From the records below, output exactly the lines starting at the line with "Oliver Fox in" and ending at the line with "Jan. 22, 2013: In", both of them included, but no pictures.

Data to process:
##########
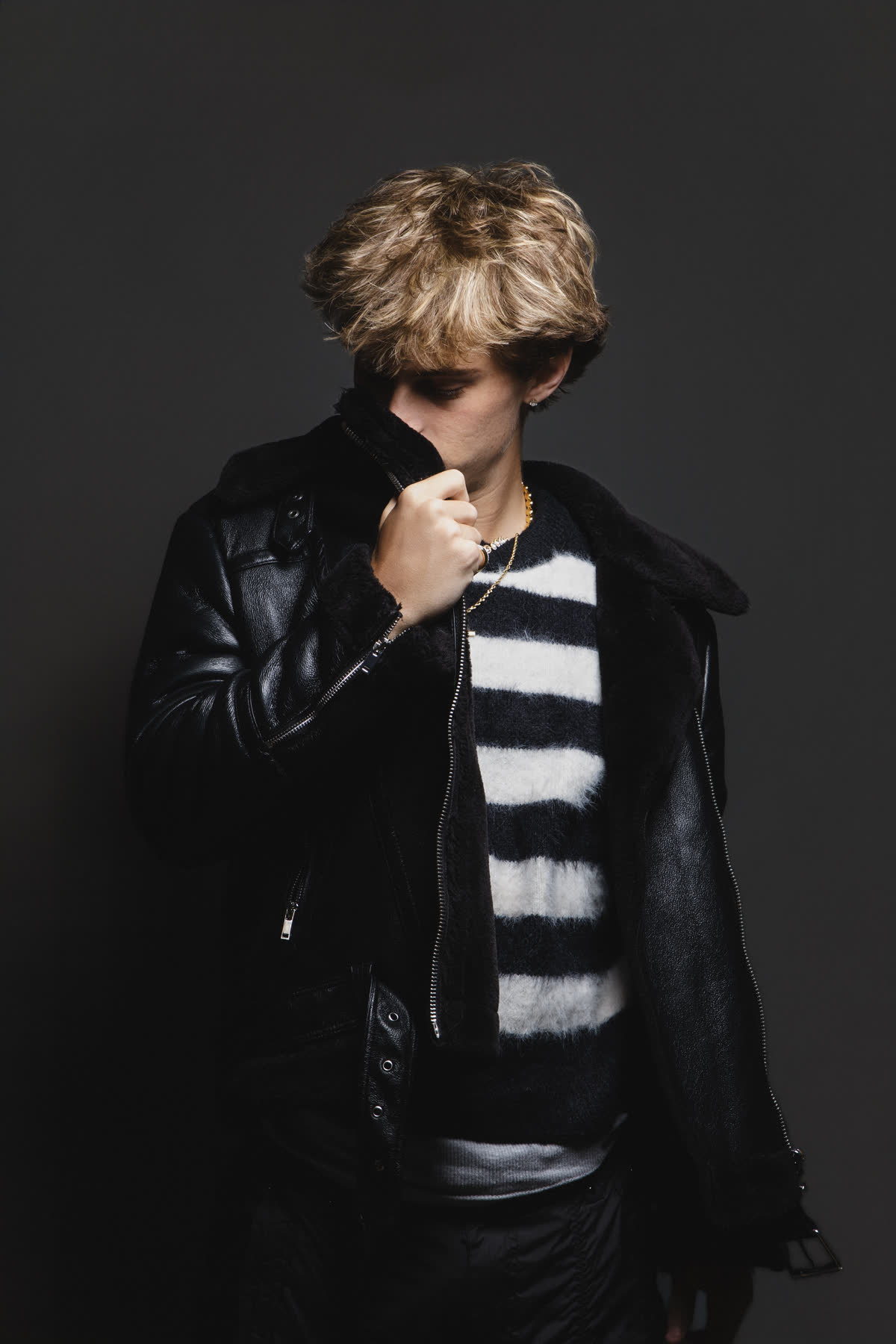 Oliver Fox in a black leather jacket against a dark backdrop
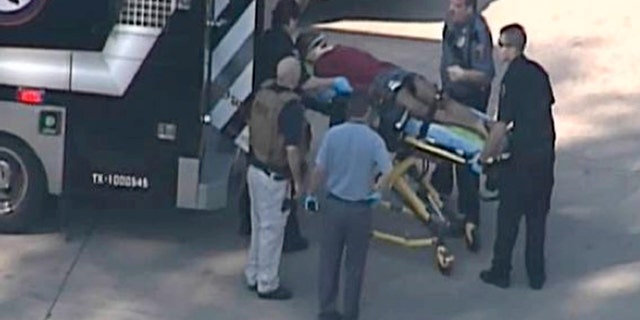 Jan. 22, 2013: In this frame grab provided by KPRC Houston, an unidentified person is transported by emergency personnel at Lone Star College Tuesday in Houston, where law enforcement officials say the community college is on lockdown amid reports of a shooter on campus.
##########
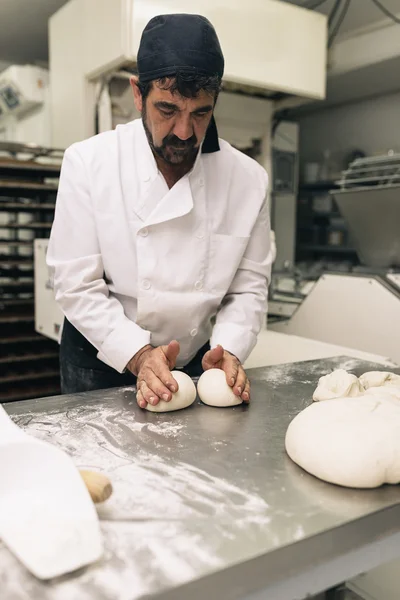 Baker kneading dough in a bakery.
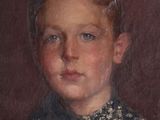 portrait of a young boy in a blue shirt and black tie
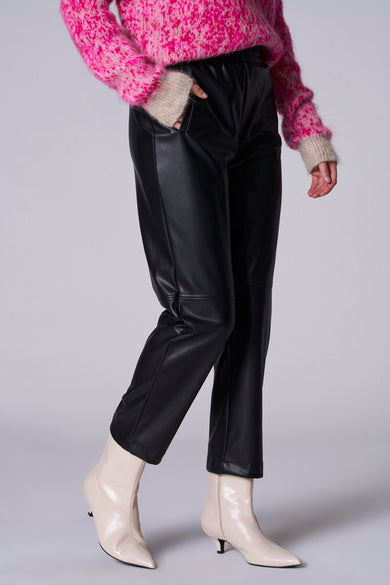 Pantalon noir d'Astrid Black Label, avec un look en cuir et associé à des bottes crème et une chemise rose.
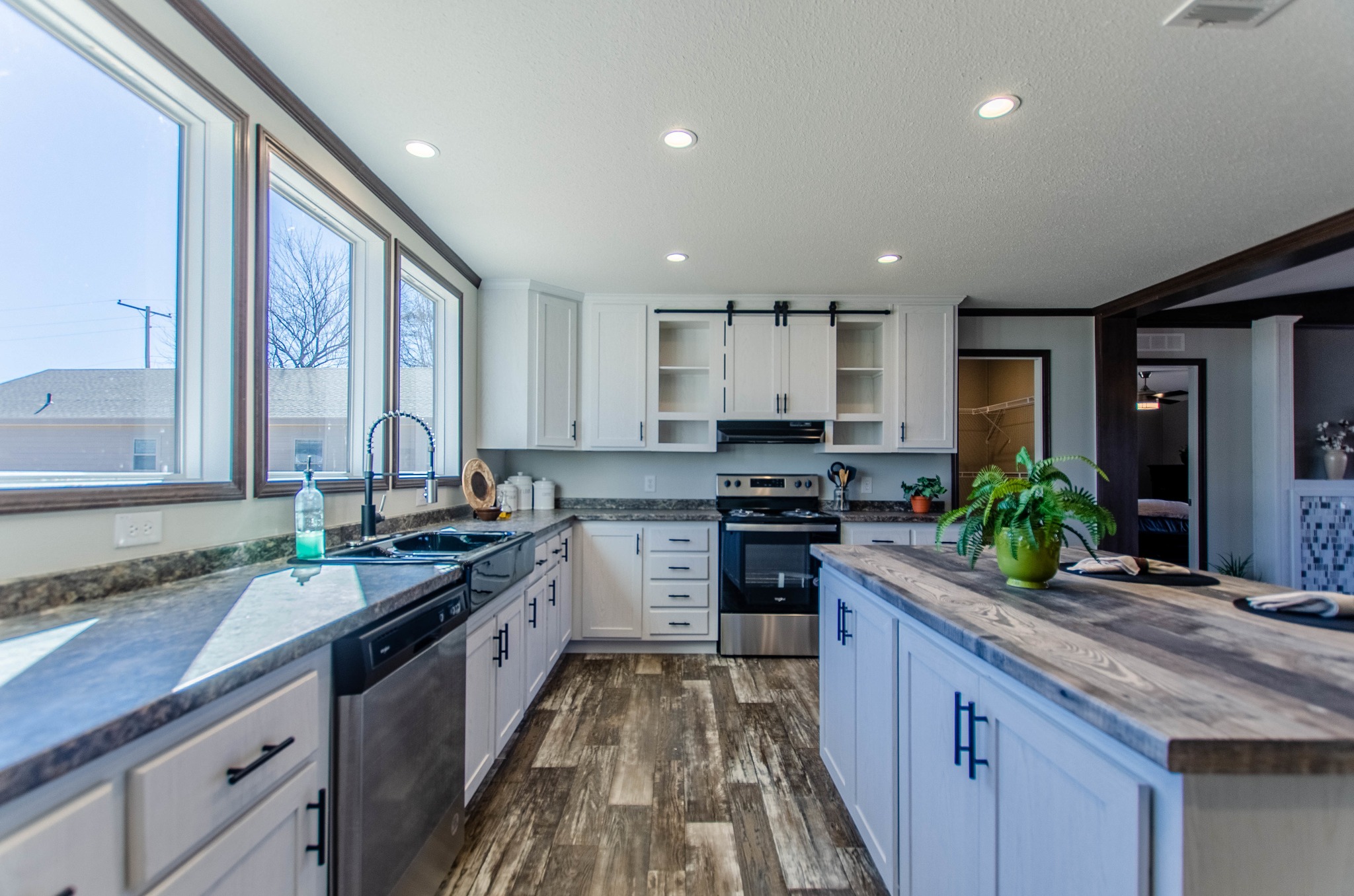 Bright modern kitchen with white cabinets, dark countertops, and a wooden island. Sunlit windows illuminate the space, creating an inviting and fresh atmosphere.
##########
Answer for this exercise:
 Oliver Fox in a black leather jacket against a dark backdrop
 Jan. 22, 2013: In this frame grab provided by KPRC Houston, an unidentified person is transported by emergency personnel at Lone Star College Tuesday in Houston, where law enforcement officials say the community college is on lockdown amid reports of a shooter on campus.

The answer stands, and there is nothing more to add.